両親の正体
「まさか! 入って来た?」
大知が身構えると、聞き覚えのある声が聞こえてきた。
「外は大丈夫だよ。今のうちに倒しに行けるよ」
のほほんとした様子で現れたのは父だった。父はいつもかけてるメガネを外していた。
「パパ? メガネは?」
「ああ、あるよ」
父はいつものメガネを凛に見せた。
「外の人達は僕が閉じ込めたから大丈夫」
「え?」
皆で外を覗くと操られた人々は、地面から生えてきた植物のつるに囲まれて身動きが取れなくなっていた。
「え? あれ、パパが?」
「うん。メガネを外すと精霊の力が使えるんだ」
「そうだったの……?」
愛音はもうついていけない。
「パパまで……魔法使いだったの?」
凛が聞くと父は首を横に振った。
「いいや。魔法使いは槙子さんだけだよ。僕の家系は精霊王に守られているんだ」
「そうだったんだ……」
大知はやや放心気味だ。
「話もしていたいが……今のうちに戦いに行こう」
「そうね! 腕がなるわ。さあ皆、楽器を外へ出すわよ」
母が手を動かし呪文を唱えると、ハープと胡弓が宙に浮き瞬間移動をした。外へ移動したようだ。次に、奏太のピアノを外へ移動させた。
「ママ! 凄い!」
「このくらいならどうって事ないわよ。凛、あなたも魔法使いよね?」
「うん、風の魔法だよ」
「風の魔法。素敵ね」
外には閉じ込められた人々が植物の隙間から腕を出し、今にも出ようとしていた。しかし、つるは頑丈な為外には出られない。

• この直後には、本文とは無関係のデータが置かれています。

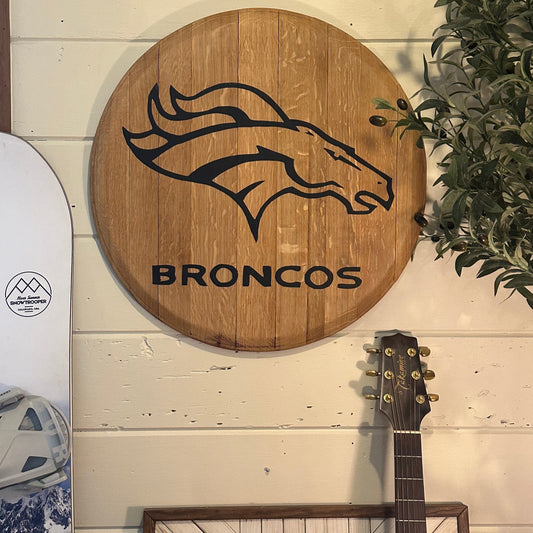 Wine Barrel Head | Hand Painted Denver Broncos Logo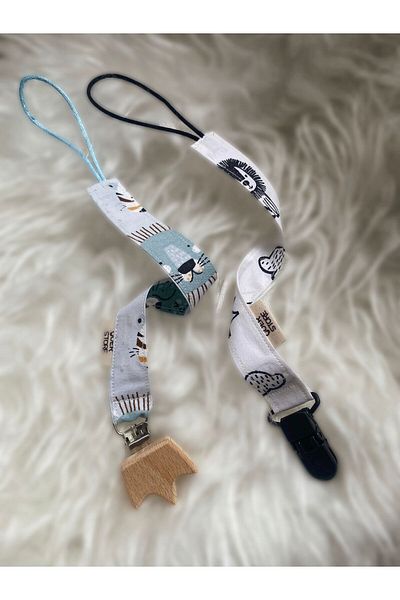 GOER STORE Set of 2 Crown-Lion Detailed 100% Cotton Fabric Pacifier Straps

愛音達は外へ出て音楽を奏で始めた。美しい調べが辺りに響き渡る。
周りには操られた総理大臣や、世界中に散らばっていた闇の存在が集まって来ていた。
「来たわね!」
どこからかぎつけたのかテレビカメラも現れた。
愛音達は音楽に集中して行く。皆の演奏に合わせて愛音は歌い始める。
「やめろ!」
「やめてくれ!」
闇の存在達は苦しみだし、体の持ち主から出て行こうとする。
その時、リーダーが呪いの魔法を皆に向かって放った。
「これで、もう邪魔は出来ない!」
闇の存在のリーダーは勝ち誇ったように笑っている。
「え? 指が石に?」
最初にソフィアの指が石にされてしまう。
「ソフィア! あ、僕もだ!」
次にロナルドが、呪いを受ける。そして、奏太にもかけられてしまう。
「皆! あ!」
指だけが石になり演奏することは叶わなくなってしまった。
「何ということでしょう! 彼らの指が総理大臣によって石になってしまいました!」
テレビ局のリポーターが興奮気味に伝えている。
(総理大臣じゃなくて、闇の存在だけどね)
愛音は心の中で呟いた。
「皆に……何するのよ……」
静かに怒りを感じながら、愛音は深く息を吸い込んだ。